Perhaps the answer lies in the peculiar similarities between our species. We are both, after all, social predators who have evolved over the eons in smallish bands designed to kill efficiently. Such a kinship of profession is inescapable. It is, no doubt, also the reason why transmogrified wolves our domesticated dogs are alone among mammals in their ability to stimulate feelings of camaraderie and reciprocal friendship. Truly, from the first time a hunter-gatherer pack of men "adopted" a litter of wolf pups and benefited from the experience, our two species have been bonded in a love-hate relationship.
Sadly, the hate has all too frequently overshadowed the love. The forces of wolf-hating have been stoked for centuries in our species' collective subconsciousness by tales like "Little Red Riding Hood," with its transvestite grandmother wolf, and "The Three Little Pigs," who are besieged by a wolf that is equal parts big and bad. For generations, parents have used wolves as a demonic metaphor to keep their kids in line.

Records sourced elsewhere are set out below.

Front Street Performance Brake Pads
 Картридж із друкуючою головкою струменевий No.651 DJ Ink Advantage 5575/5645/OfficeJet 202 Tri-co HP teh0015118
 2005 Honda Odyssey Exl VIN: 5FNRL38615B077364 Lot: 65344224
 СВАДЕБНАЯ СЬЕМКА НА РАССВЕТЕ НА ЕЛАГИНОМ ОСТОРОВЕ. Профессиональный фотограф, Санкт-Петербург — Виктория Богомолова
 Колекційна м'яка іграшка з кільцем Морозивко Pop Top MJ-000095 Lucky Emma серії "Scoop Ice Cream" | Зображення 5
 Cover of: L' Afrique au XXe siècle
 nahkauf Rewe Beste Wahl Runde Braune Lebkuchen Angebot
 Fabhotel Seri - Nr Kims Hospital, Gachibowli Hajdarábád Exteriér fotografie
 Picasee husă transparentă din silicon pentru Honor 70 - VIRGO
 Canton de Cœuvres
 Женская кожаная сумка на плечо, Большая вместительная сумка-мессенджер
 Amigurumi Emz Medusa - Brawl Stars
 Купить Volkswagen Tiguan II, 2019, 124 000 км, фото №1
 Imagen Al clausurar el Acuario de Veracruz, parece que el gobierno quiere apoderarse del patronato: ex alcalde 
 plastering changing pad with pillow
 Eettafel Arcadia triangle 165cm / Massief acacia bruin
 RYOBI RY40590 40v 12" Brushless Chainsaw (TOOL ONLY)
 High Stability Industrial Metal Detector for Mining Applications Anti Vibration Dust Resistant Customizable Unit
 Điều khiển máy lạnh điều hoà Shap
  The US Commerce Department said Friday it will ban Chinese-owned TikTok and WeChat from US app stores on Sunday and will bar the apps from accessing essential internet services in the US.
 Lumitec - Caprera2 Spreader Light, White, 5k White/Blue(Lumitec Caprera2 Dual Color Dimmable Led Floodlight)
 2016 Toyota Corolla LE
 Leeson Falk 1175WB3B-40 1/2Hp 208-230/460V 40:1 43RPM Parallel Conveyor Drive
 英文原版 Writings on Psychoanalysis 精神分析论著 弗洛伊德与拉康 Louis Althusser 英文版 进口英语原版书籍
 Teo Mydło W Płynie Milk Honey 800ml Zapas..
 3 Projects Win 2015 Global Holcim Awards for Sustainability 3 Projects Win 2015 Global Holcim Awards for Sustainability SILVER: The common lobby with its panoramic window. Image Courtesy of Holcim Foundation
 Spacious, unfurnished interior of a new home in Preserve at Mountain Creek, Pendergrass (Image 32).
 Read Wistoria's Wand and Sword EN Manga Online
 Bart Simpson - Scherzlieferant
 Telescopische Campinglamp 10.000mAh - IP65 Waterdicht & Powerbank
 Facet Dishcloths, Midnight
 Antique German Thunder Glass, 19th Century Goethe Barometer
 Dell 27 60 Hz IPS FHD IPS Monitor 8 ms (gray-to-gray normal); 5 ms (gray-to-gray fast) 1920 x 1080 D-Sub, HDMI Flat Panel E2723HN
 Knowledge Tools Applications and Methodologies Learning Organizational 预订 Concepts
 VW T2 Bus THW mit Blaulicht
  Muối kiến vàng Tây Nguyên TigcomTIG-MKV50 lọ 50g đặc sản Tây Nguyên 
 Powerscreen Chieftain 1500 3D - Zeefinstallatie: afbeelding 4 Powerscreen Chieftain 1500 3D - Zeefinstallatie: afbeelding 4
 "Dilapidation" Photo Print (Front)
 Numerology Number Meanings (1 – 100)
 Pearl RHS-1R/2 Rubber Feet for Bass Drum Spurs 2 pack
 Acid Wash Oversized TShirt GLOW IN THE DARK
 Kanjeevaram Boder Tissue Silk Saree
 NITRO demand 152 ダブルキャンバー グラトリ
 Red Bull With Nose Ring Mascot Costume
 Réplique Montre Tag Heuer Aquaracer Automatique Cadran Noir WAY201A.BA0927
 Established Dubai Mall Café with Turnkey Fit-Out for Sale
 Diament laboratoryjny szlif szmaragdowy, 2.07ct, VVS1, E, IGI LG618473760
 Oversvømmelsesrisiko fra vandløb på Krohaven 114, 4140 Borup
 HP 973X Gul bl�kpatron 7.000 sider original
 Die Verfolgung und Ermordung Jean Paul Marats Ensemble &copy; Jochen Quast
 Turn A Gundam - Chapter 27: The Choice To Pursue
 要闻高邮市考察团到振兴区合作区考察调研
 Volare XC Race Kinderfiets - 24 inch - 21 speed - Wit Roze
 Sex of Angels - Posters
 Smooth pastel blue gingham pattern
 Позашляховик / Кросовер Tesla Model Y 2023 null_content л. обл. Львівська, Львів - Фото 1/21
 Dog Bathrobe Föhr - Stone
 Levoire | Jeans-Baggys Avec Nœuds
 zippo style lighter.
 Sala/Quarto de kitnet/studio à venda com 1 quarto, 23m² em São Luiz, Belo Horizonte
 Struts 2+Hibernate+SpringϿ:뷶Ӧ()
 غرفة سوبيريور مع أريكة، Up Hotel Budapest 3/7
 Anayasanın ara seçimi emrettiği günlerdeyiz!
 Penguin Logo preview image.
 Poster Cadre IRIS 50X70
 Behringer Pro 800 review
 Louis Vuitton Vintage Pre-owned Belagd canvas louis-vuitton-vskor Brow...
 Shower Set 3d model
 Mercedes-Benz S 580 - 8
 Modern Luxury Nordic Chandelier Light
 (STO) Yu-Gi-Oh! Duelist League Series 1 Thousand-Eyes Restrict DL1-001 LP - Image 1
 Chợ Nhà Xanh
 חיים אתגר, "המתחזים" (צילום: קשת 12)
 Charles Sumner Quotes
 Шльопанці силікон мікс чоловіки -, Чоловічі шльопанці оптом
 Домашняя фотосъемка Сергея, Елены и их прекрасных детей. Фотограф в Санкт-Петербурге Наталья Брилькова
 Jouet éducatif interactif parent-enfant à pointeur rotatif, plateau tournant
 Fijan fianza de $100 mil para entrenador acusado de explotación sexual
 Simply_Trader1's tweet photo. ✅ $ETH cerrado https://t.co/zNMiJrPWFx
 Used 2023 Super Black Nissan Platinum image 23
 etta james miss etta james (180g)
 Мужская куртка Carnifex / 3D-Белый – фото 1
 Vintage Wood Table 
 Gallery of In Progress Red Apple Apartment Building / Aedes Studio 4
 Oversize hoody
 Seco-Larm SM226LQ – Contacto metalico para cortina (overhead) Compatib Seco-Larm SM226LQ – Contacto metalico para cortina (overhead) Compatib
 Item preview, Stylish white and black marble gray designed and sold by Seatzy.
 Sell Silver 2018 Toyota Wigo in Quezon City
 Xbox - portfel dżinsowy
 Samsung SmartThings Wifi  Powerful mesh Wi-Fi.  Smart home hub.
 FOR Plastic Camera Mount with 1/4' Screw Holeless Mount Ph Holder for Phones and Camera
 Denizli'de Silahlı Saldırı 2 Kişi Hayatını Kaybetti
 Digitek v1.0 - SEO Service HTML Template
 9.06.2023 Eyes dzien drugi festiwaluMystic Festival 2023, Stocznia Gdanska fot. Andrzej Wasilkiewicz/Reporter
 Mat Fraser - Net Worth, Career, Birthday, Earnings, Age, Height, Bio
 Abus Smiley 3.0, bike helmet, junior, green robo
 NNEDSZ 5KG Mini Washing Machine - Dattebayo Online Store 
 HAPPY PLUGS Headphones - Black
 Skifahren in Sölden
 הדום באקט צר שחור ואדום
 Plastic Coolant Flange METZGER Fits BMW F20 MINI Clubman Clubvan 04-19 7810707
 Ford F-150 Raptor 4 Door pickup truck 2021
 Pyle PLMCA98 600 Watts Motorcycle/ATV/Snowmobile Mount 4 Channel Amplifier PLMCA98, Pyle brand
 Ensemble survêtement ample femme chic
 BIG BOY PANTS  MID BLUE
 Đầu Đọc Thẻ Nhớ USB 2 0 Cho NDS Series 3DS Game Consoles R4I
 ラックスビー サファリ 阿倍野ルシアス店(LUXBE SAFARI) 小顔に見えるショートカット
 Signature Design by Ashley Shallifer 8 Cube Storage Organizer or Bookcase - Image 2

In Norway, the language itself keeps this hatred alive. One word for wolf, varg, also means "wild one," "that which cannot be controlled," and "outlaw man." Another Norwegian term for wolf, skrubb, means "unpleasant and threatening creature." Little wonder that anti-wolf clubs and societies thrive in Norway, their members dedicated to tracking down and exterminating the few wolves that still exist there.
The psychological force of such defamation should not be underestimated, nor should the contemporary, parochial wolf criticisms of humans, from cattlemen to deer hunters, whose economic and recreational self-interests appear to clash with the interests of thriving wolves. Fear of wolves is not limited, of course, to those who have lived around wolves for generations and inherited their biases from their ancestors. One of my northern Minnesota neighbors, a highly educated transplant from the Twin Cities and an environmental sympathizer, regularly jogs the backwoods trails with a .44 Magnum revolver strapped to his side. He wants to have something to protect himself, he says, in case he runs, into a hungry wolf.
Such rampant nonsense has long made the wolf's prospects less than rosy. Wolves are one of the most persecuted animals on earth. In the Soviet Union and much of northern Europe, a comprehensive program of trapping, bounty hunting, aerial shooting and poison baiting is dedicated to wiping the wolf off the face of that continent. In the continental United States, wolves today occupy less than one percent of their former range. Ten years ago, a Minnesota zealot threw the corpse of a wolf on the doorstep of the Forest Service. He shot the wolf and spraypainted it with a hate slogan despite the threat of a $10,000 fine for killing an endangered species.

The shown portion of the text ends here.